# TASK INPUTS
::::::::
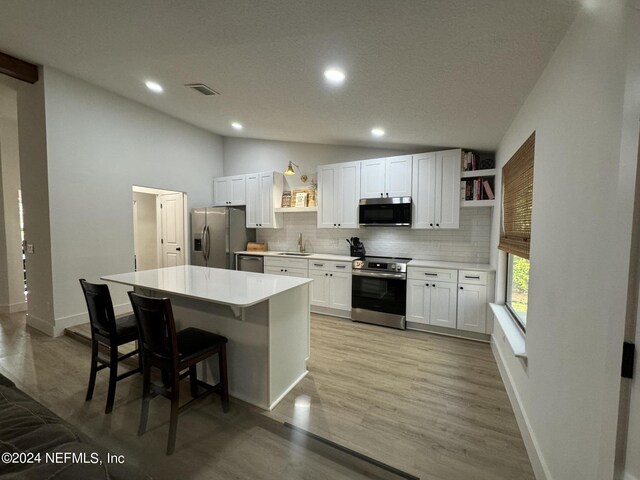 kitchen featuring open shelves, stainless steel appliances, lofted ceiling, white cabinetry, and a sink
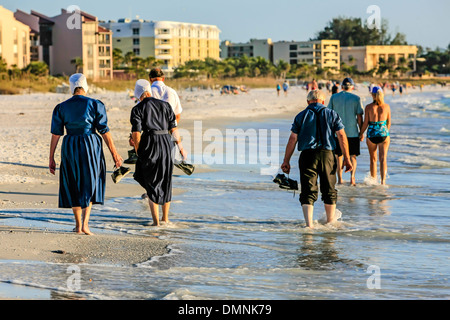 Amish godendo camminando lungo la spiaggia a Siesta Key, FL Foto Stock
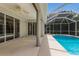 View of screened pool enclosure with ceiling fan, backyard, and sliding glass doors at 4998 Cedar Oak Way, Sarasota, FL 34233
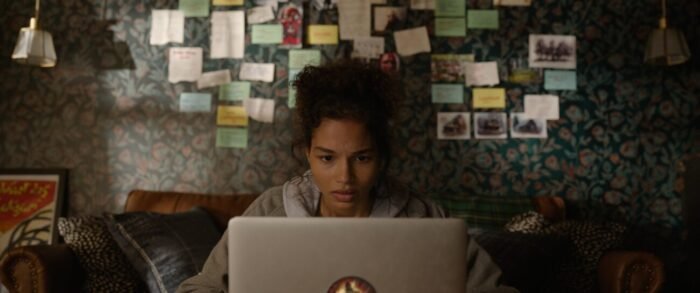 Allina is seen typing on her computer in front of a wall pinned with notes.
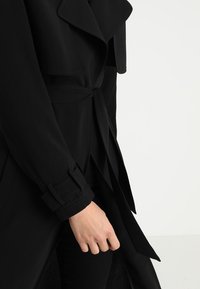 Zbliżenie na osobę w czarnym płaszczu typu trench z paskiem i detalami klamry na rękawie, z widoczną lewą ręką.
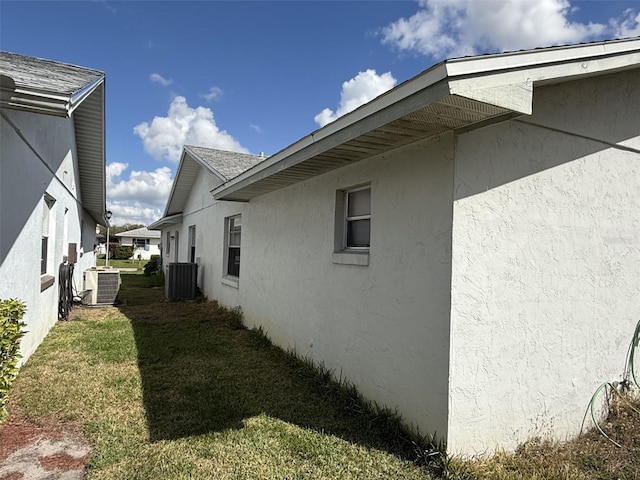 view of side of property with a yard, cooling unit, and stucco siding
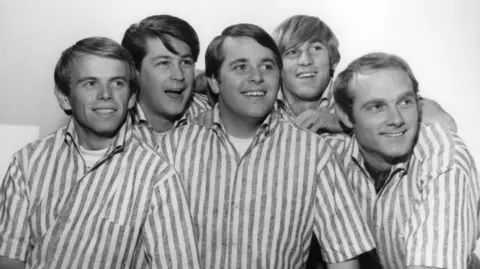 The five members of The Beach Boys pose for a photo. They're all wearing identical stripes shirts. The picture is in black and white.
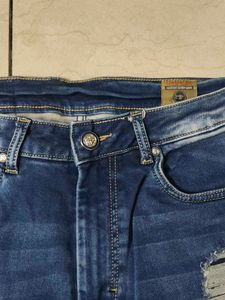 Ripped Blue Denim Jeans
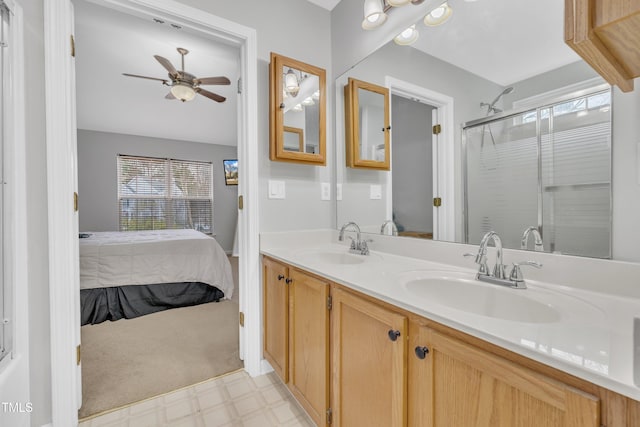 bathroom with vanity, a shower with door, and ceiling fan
::::::::
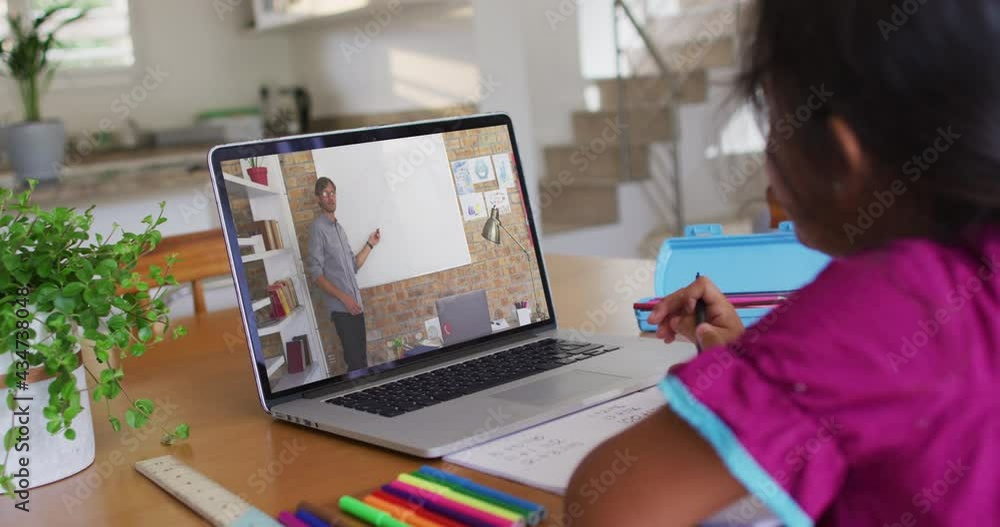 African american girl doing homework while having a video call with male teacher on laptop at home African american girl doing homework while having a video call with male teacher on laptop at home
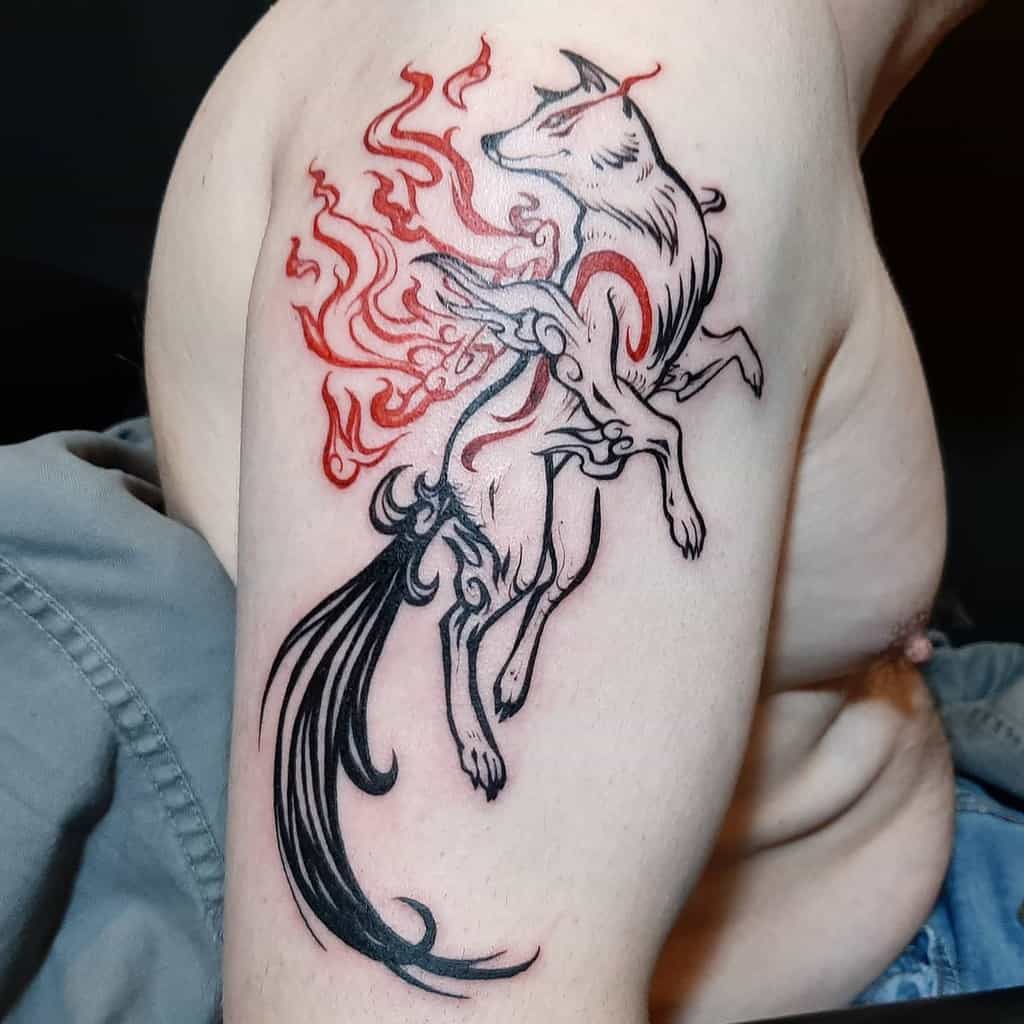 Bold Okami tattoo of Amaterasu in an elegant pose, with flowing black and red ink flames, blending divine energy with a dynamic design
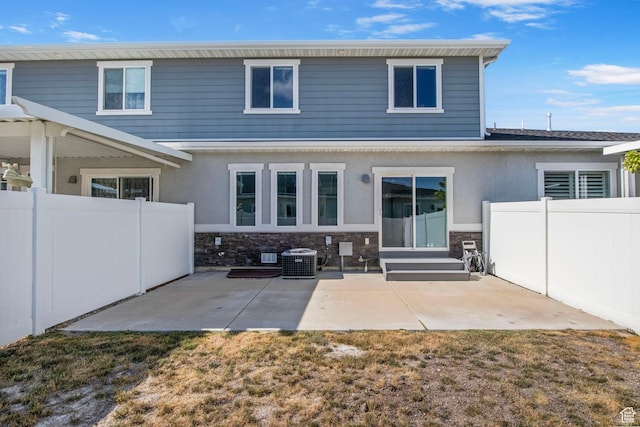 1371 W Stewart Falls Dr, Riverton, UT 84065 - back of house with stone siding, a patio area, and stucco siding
::::::::
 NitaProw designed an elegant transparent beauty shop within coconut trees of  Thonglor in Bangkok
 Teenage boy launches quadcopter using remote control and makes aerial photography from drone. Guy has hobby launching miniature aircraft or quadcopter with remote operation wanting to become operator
::::::::
# ABOUT THIS EXERCISE
From the line containing "kitchen featuring open" through the line containing "view of side", copy every line above exactly, without pictures.

# REPLY
 kitchen featuring open shelves, stainless steel appliances, lofted ceiling, white cabinetry, and a sink
 Amish godendo camminando lungo la spiaggia a Siesta Key, FL Foto Stock
 View of screened pool enclosure with ceiling fan, backyard, and sliding glass doors at 4998 Cedar Oak Way, Sarasota, FL 34233
 Allina is seen typing on her computer in front of a wall pinned with notes.
 Zbliżenie na osobę w czarnym płaszczu typu trench z paskiem i detalami klamry na rękawie, z widoczną lewą ręką.
 view of side of property with a yard, cooling unit, and stucco siding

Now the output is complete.